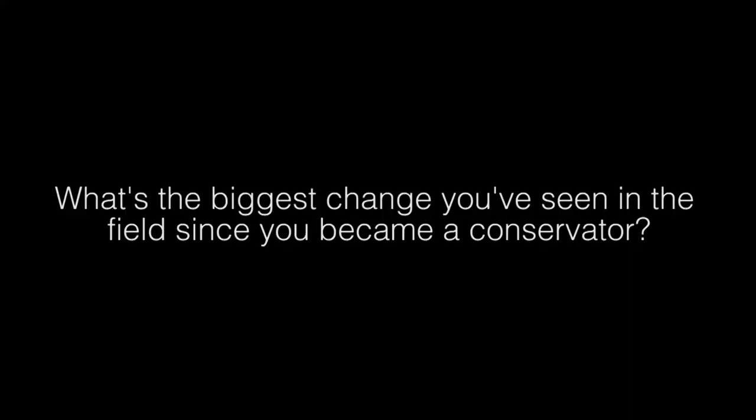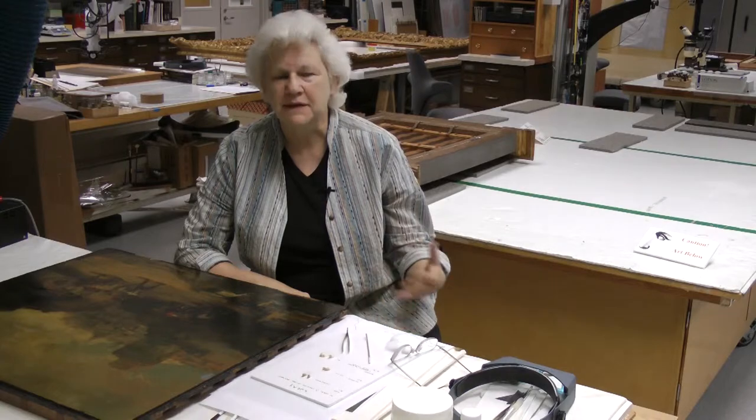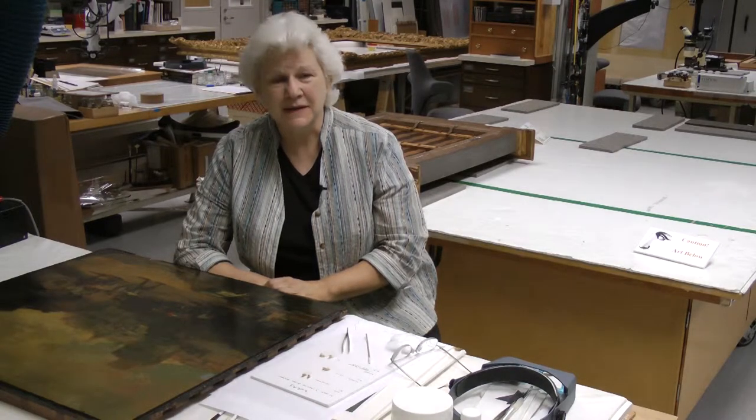What's the biggest change you've seen in the field since you became a conservator? The biggest changes I've seen in the field, especially in more recent times, is the switchover from older photographic methods of documenting the research that we do, to digitalization and computerization. The amount of work and detail work that we now can do is unbelievable.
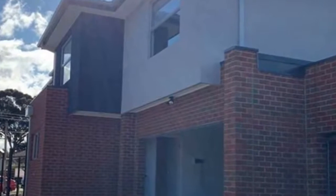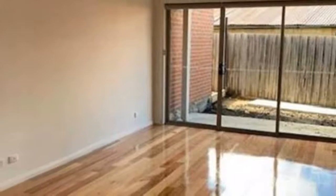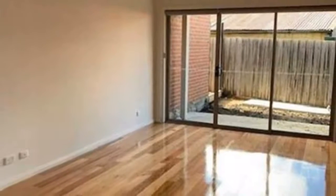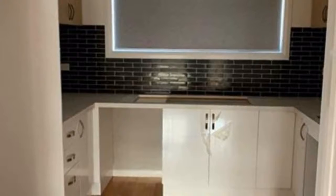Be the very first to enjoy this brand new home, comprising of three bedrooms, main with en suite, bright kitchen with stainless steel appliances, gas cooking and dishwasher, open plan living, main bathroom and double garage.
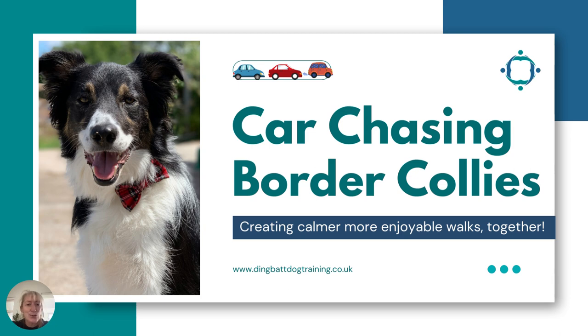Welcome to this presentation on car chasing border collies, one of the common unwanted behavior traits that can be found in border collies. We're aiming to create calmer, more enjoyable walks together with our best friends. I'm Sarah Hedley, and let's jump into this presentation.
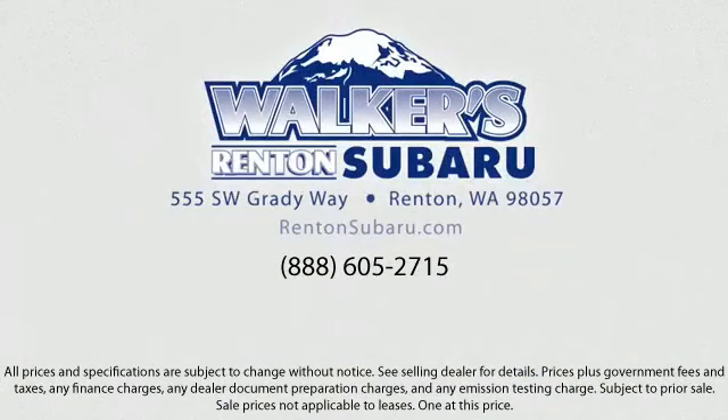Come see why the right place to purchase your new Subaru is right here — Walker's Rentin' Subaru. Real value. Real people. Real simple.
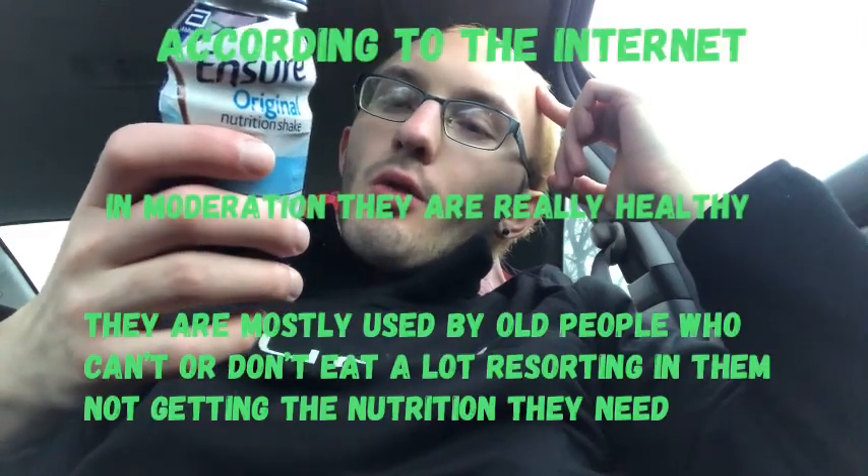I don't know how healthy these really are. I haven't looked too much into it, but it looks like it has a whole bunch of vitamins. My client drinks these, so I wanted to give them a try.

···

Exercise description> Copy every line above exactly; images stay out.

Finished task>
What's the biggest change you've seen in the field since you became a conservator? The biggest changes I've seen in the field, especially in more recent times, is the switchover from older photographic methods of documenting the research that we do, to digitalization and computerization. The amount of work and detail work that we now can do is unbelievable.
Be the very first to enjoy this brand new home, comprising of three bedrooms, main with en suite, bright kitchen with stainless steel appliances, gas cooking and dishwasher, open plan living, main bathroom and double garage.
Welcome to this presentation on car chasing border collies, one of the common unwanted behavior traits that can be found in border collies. We're aiming to create calmer, more enjoyable walks together with our best friends. I'm Sarah Hedley, and let's jump into this presentation.
Come see why the right place to purchase your new Subaru is right here — Walker's Rentin' Subaru. Real value. Real people. Real simple.
I don't know how healthy these really are. I haven't looked too much into it, but it looks like it has a whole bunch of vitamins. My client drinks these, so I wanted to give them a try.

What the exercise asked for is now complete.